■ YOUR OBJECTIVE ■
Return nothing but the lines from the one with "CNE: Elecciones de" through the one with "زيارة نادرة لرئيس" in the data below, word for word and without pictures.

■ DATA TO USE ■
----
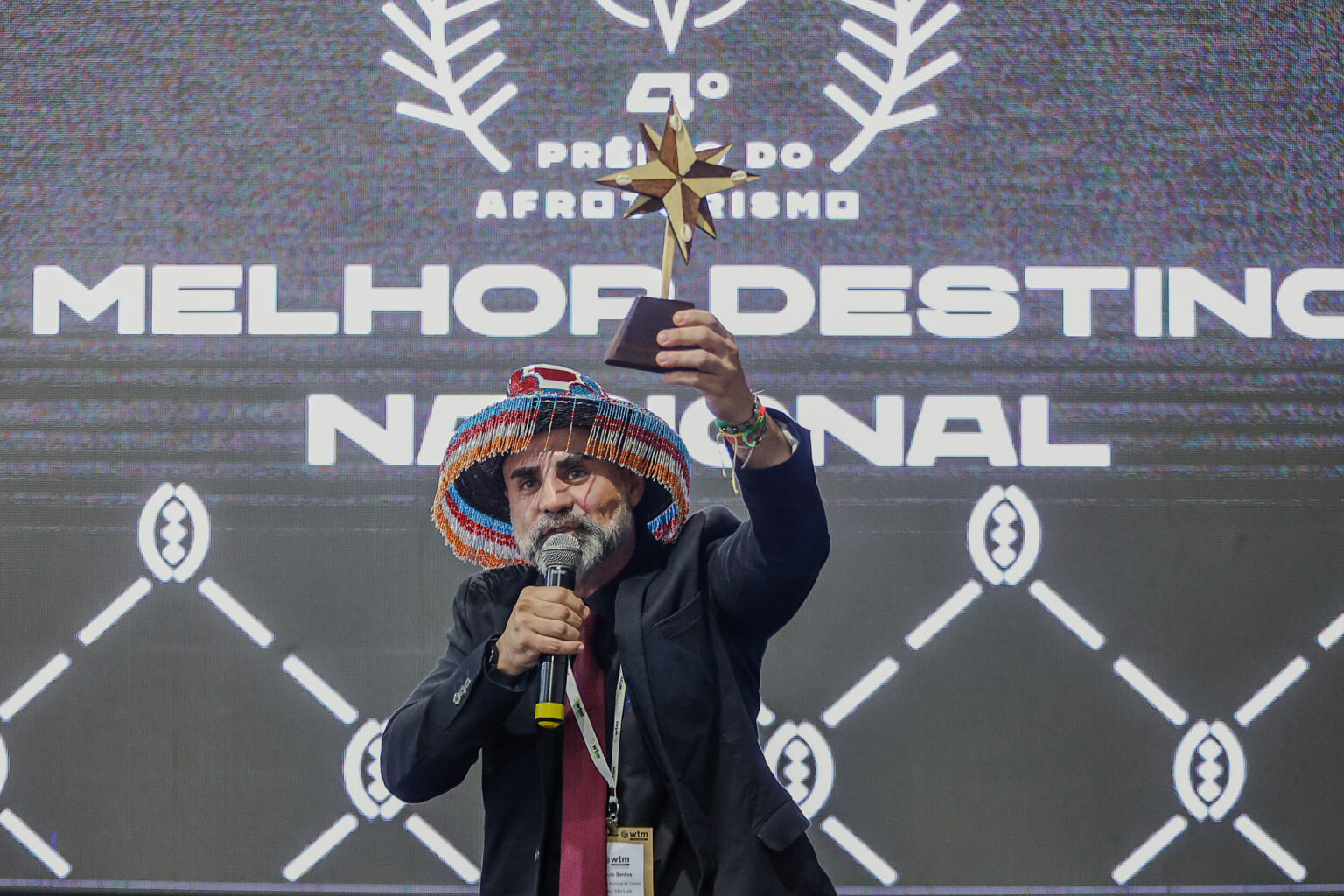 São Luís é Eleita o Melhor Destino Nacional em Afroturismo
----
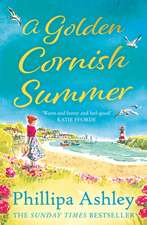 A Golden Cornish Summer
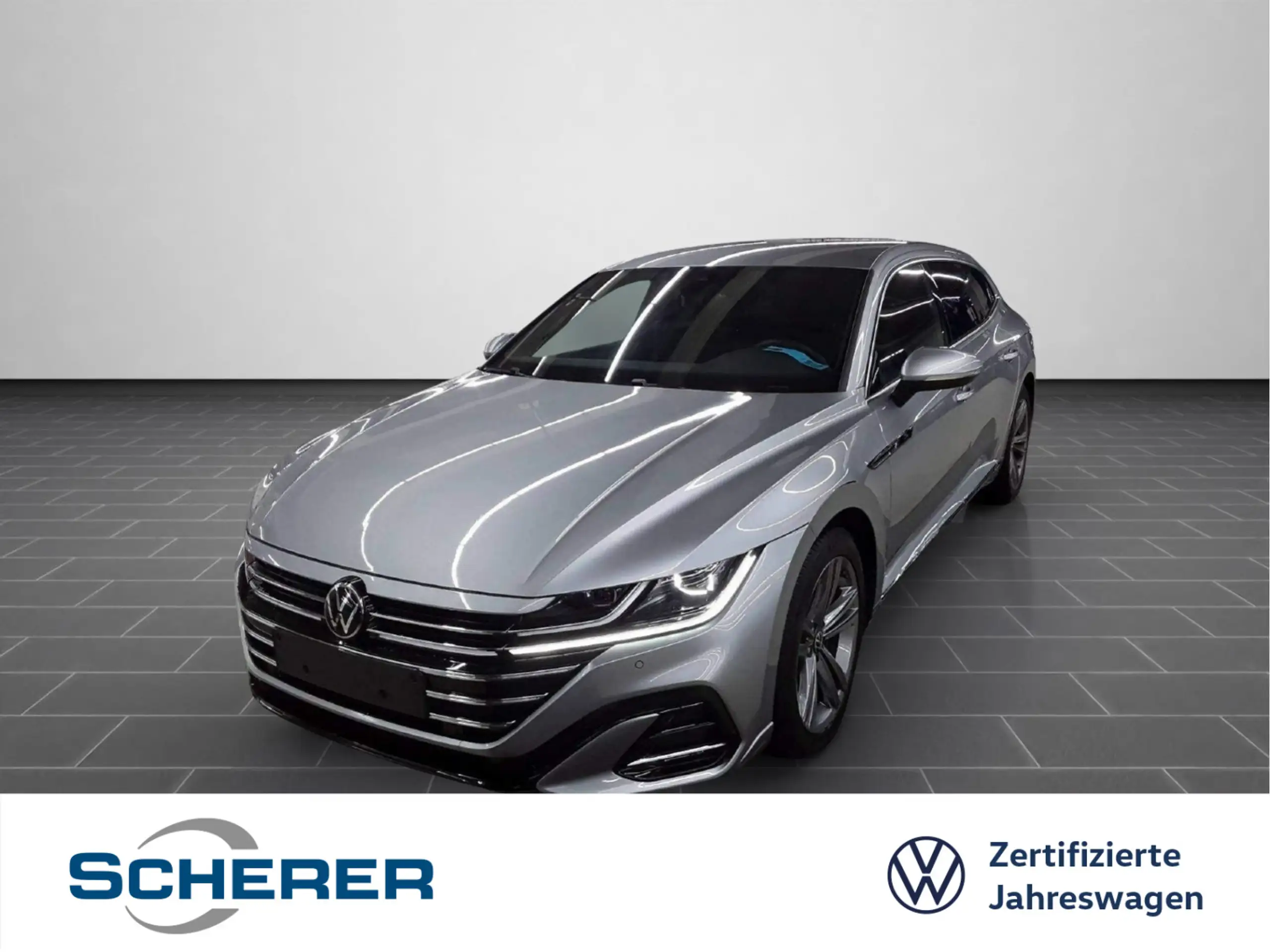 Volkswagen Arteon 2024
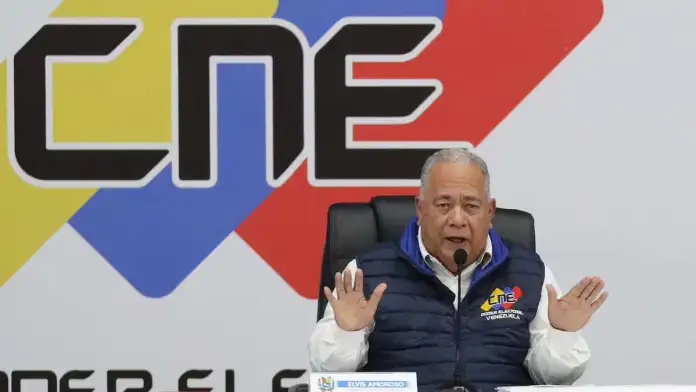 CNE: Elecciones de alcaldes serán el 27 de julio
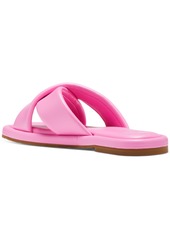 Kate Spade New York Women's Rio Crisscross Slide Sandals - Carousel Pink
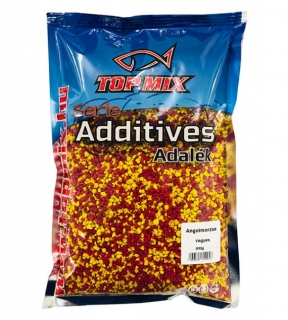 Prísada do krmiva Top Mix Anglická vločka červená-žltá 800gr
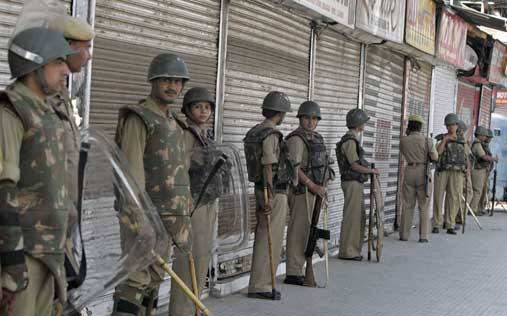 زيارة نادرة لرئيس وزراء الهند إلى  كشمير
----
■ REPLY TO THE TASK ■
 CNE: Elecciones de alcaldes serán el 27 de julio
 Kate Spade New York Women's Rio Crisscross Slide Sandals - Carousel Pink
 Prísada do krmiva Top Mix Anglická vločka červená-žltá 800gr
 زيارة نادرة لرئيس وزراء الهند إلى  كشمير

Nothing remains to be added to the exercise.